*Raw data*:

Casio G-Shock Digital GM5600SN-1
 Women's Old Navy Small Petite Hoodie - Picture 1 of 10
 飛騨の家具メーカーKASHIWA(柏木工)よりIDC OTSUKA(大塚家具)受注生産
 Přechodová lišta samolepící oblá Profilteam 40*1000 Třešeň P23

*Exercise prompt*:
The answer should contain every line of the data, unchanged.

*The completed task*:
Casio G-Shock Digital GM5600SN-1
 Women's Old Navy Small Petite Hoodie - Picture 1 of 10
 飛騨の家具メーカーKASHIWA(柏木工)よりIDC OTSUKA(大塚家具)受注生産
 Přechodová lišta samolepící oblá Profilteam 40*1000 Třešeň P23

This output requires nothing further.